Merge method : \(O(n_1+ n_2)\) - The merge function iterates through both left and right arrays exactly once, which takes \(O(n)\) time in total, where \(n\) is the combined length of left and right.

Merge Sort Method: \(log(n)\) is the height of the tree, for each division we get that. To divide every node on a tree for merge sort will be proportional to \(log(n)\) time and we have \(o(n)\) time complexity for n elements in seq.

merge_sort_running_time — Running time of Merge Sort

Just a heads up, you can also use a recurrence relation here.

You can also implement merge sort without recursion.

Here is the code for non recursive version:

merge_sort_iterative.py
import math

def merge(src, result, start, inc):
    """Merge src[start:start+inc] and src[start+inc:start+2*inc] into result."""
    end1 = start + inc  # boundary for run 1
    end2 = min(start + 2 * inc, len(src))  # boundary for run 2
    x, y, z = start, start + inc, start  # index into run 1, run 2, result
    while x < end1 and y < end2:
        if src[x] < src[y]:
            result[z] = src[x]
            x += 1
        else:
            result[z] = src[y]
            y += 1
        z += 1  # increment z to reflect new result
    if x < end1:
        result[z:end2] = src[x:end1]  # copy remainder of run 1 to output
    elif y < end2:
        result[z:end2] = src[y:end2]  # copy remainder of run 2 to output


def merge_sort(S):
    """Sort the elements of Python list S using the merge-sort algorithm."""
    n = len(S)
    logn = math.ceil(math.log(n, 2))
    src, dest = S, [None] * n  # make temporary storage for dest
    for i in (2 ** k for k in range(logn)):  # pass i creates all runs of length 2i
        for j in range(0, n, 2 * i):  # each pass merges two length i runs
            merge(src, dest, j, i)
        src, dest = dest, src  # reverse roles of lists
    if S is not src:
        S[0:n] = src[0:n]  # additional copy to get results to S

a = [51234,43,1234,51,234,51,2,3,57,9,4,1]
merge_sort(a)
print(a) # [1, 2, 3, 4, 9, 43, 51, 51, 57, 234, 1234, 51234]

Quick Sort 🧠¶

Quick sort is also based on Divide and Conquer algorithm. The key thing is the pivot.

Divide¶

If S has at least two elements (nothing needs to be done if S has zero or one element), select a specific element x from S, which is called the pivot.

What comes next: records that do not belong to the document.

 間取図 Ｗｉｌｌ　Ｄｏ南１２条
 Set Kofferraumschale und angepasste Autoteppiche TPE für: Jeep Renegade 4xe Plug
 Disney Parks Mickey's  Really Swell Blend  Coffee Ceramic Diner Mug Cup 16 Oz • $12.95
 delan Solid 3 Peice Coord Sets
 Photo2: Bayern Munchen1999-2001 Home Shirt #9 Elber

As is common practice, choose the pivot x to be the last element in S.

Remove all the elements from S and put them into three sequences:

• L, storing the elements in S less than x

• E, storing the elements in S equal to x

• G, storing the elements in S greater than x

Of course, if the elements of S are distinct, then E holds just one element - the pivot itself.

Conquer¶

Recursively sort sequences L and G.

Combine¶

Put back the elements into S in order by first inserting the elements of L, then those of E, and finally those of G.

quick_sort_visualized — Visualize Quick Sort

Here it how it works in single figure:

quick_sort_execution — Quick Sort Execution

Here is how it works step by step:

quick_sort_start — Initial Steps of Quick Sort

After all the left side is done, we move on to the right side.

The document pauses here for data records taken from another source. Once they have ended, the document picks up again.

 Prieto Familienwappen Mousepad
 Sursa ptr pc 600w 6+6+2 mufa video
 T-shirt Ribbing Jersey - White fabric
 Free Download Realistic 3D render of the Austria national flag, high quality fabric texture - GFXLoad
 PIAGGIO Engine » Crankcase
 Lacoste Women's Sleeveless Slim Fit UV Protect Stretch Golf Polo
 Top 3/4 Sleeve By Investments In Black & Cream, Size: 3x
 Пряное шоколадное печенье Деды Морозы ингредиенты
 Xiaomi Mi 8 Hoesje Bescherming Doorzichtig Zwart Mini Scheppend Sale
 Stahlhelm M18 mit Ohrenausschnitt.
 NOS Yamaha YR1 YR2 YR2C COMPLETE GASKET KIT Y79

quick_sort_continued — Quick Sort Continued

And the ending.

Running time of Quick Sort¶

Worst case \(o(n^2)\).

The height of the tree on quick sort is worst case \(o(n - 1)\) NOT \(o(logn)\) like it was on merge sort.

This is because the splitting while comparing to pivot is not guaranteed to be half-half.

Randomized Quick Sort¶

There is randomized quick sort where we select the pivot randomly from the sequence.

The expected running time of randomized quick-sort on a sequence S of size \(n\) is \(O(n log n)\).

visual_running_time_quick_sort — Visual Running Time of Quick Sort

In Place Quick Sort¶

An algorithm is in-place if it uses only a small amount of memory in addition to that needed for the original input.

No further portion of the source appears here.